И сразу мне вспомнился один из бунинских рассказов: автор спрашивает зажиточного мужика, что было у него наиболее интересного в жизни. И мужик отвечает истово: интересного, слава Богу, ничего не было, грех жаловаться.
— Журналисты — народ кровожадный, — улыбнулся Постевой. — То, что для вас интересное, для нас чрезвычайное происшествие. По счастью, ничего особенно интересного не было. Никто не совершал смертельного подвига, не погиб и не покалечился. Схлопотал у нас один парень цветочным горшком по физиономии, зуб ему выбило, когда в окно горящего дома забирался, но это легкая травма. Другой руку о стекло порезал — мелкое происшествие. А интересного не было. Из гражданского населения никто не задохнулся в дыму и не сгорел заживо. Одна старушка попробовала, да ефрейтор Горбунов вынес ее по пожарной лестнице и получил внеочередной отпуск на десять суток. Еще один пятилетний пацан поджег квартиру и под кровать спрятался. Держался до последнего, но от старшего пожарного Подхватилина не ушел, несмотря на плотную дымовую завесу. Нашел его Владимир Подхватилин и, преодолев отчаянное сопротивление, вынес живым и невредимым из огня и тоже в отпуск к родителям отправился. Ну а хвалить ефрейтора Карина за то, что вернул погорельцу толстую пачку денег, четыре сберкнижки и ларь с драгоценностями, я считаю унизительным для комсомольца. Это должно быть нормой поведения. Так что сами видите, жизнь наша простая и скромная. Была довольно напряженная профессиональная работа без всяких романтических приправ. Надеюсь, такой и останется. Что же касается меня самого, то есть люди, которым необходимы большие нагрузки, чтобы чувствовать вкус жизни. И если человек это получает, то он счастлив, и хвалить его не за что. Разумный эгоизм, как сказано у Чернышевского.

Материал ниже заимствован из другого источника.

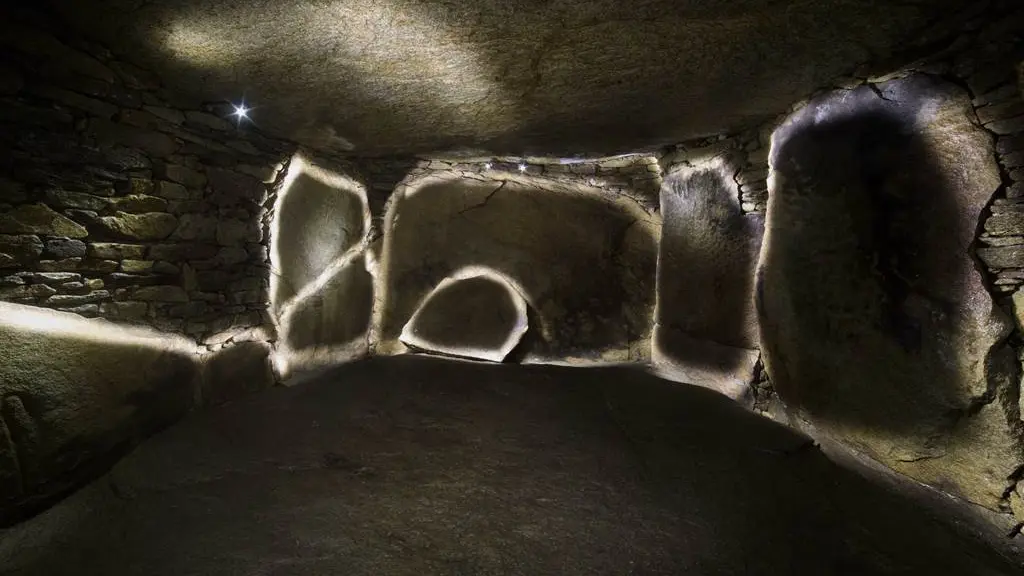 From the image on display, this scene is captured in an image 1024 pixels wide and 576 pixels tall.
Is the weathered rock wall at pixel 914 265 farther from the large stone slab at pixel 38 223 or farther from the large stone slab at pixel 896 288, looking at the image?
the large stone slab at pixel 38 223

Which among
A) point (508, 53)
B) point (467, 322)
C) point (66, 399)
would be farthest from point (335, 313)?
point (508, 53)

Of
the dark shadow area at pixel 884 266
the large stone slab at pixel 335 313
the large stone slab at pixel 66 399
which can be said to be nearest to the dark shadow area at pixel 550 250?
the large stone slab at pixel 335 313

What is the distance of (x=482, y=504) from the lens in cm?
227

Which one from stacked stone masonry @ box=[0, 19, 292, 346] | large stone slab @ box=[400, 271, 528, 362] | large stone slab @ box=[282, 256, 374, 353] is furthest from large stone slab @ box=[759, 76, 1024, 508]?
stacked stone masonry @ box=[0, 19, 292, 346]

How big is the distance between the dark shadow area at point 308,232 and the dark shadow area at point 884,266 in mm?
4363

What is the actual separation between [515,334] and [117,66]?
4.33 m

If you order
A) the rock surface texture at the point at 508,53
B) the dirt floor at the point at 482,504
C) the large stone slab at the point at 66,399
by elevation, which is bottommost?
the dirt floor at the point at 482,504

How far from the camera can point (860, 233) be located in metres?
2.78

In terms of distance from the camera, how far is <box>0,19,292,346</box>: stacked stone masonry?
2.20 m

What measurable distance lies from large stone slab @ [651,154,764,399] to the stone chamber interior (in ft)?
0.14

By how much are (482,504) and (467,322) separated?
10.7 feet

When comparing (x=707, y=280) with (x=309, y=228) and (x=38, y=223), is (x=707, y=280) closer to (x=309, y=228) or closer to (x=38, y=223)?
(x=309, y=228)

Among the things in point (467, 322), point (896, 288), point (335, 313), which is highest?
point (896, 288)

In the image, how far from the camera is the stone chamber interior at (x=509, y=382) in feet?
6.71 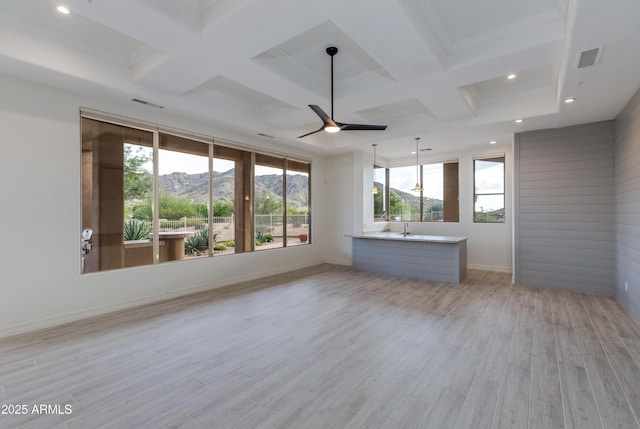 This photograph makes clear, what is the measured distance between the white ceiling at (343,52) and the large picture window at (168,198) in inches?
28.8

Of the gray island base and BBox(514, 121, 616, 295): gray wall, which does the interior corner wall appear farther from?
BBox(514, 121, 616, 295): gray wall

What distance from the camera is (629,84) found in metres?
3.49

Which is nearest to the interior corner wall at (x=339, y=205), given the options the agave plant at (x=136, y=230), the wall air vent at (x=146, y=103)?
the agave plant at (x=136, y=230)

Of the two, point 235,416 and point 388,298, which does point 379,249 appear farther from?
point 235,416

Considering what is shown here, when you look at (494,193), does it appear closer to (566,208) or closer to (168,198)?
(566,208)

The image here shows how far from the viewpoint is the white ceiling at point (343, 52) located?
8.43 ft

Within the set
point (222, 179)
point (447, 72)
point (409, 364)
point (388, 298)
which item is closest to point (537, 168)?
point (447, 72)

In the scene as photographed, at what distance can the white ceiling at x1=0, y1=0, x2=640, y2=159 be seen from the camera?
8.43 feet

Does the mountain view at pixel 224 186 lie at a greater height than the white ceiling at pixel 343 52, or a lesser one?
lesser

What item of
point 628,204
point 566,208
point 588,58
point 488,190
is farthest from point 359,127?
point 488,190

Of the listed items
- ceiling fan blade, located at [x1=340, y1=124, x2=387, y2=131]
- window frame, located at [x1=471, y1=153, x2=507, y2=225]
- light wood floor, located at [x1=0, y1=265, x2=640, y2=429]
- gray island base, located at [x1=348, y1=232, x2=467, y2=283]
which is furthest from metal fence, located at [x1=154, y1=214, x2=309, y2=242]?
window frame, located at [x1=471, y1=153, x2=507, y2=225]

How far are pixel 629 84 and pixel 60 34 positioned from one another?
654cm

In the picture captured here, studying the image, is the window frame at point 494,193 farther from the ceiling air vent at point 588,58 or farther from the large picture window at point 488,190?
the ceiling air vent at point 588,58

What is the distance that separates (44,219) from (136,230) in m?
1.10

На этом мы и расстались, и Сергей Игнатьевич уехал в очередной, а не в наградной отпуск в Сочи. Мне лично январь не кажется самым лучшим месяцем для отдыха на Черноморском побережье: холодно, ветрено, неуютно, но ведь Сергею Игнатьевичу нет счастья без повышенных нагрузок.
Позже, уже в отсутствие Постевого, я познакомился с начальником пожарной команды отряда старшим лейтенантом Соловьевым, который ввел меня в повседневную жизнь части.
— А видели вы когда-нибудь Сергея Игнатьевича в настоящем деле? — спросил я.
— Еще бы! Не раз. Но больше всего мне запомнился давнишний пожар на комбинате «Правда».
— А разве там был пожар?
— Да. В 1967 году. Во дворе издательства загорелась бумага, накрытая толем. Пламя вымахало до чердака типографии. Такого рослого пламени я сроду не видел. Меня туда вызвали по дополнительному. Тушил пожар 5-й отряд, которым тогда командовал Постевой. Он действовал на самом верху, на чердаке. В самом пекле. Положение было угрожающее, и потом, это же не что-нибудь, а «Правда». Вот когда я понял, что такое личный пример и высший класс работы! Вы, конечно, знаете о его подвиге, за который ему Героя дали? Я всегда удивлялся, откуда что берется. Вроде бы обычный человек, никакой не богатырь, тихий, скромный. А вот там, на пожаре, будто своими глазами увидел, как он немецкие танки взрывает и пехоту косит. Жаль, что я стихи сочинять не умею, а то бы обязательно сочинил, вроде той баллады, что на фронте о нем ходила…
Я тоже не умею сочинять стихи, но в прозе мог бы написать о Постевом иначе, чем сделал это в данном очерке. Пожар и вообще «литературогеничен», если позволено так выразиться. И насмотрелся я на пожары у себя за городом. В нашем маленьком поселке два дома сгорели от молнии. Я и сам горел трижды. Так что можно было бы раздраконить тему, создать образ эдакого Антипрометея, но это противоречило бы простой и строгой сути Сергея Игнатьевича Постевого — врага красивости, громких фраз и романтического захлеба.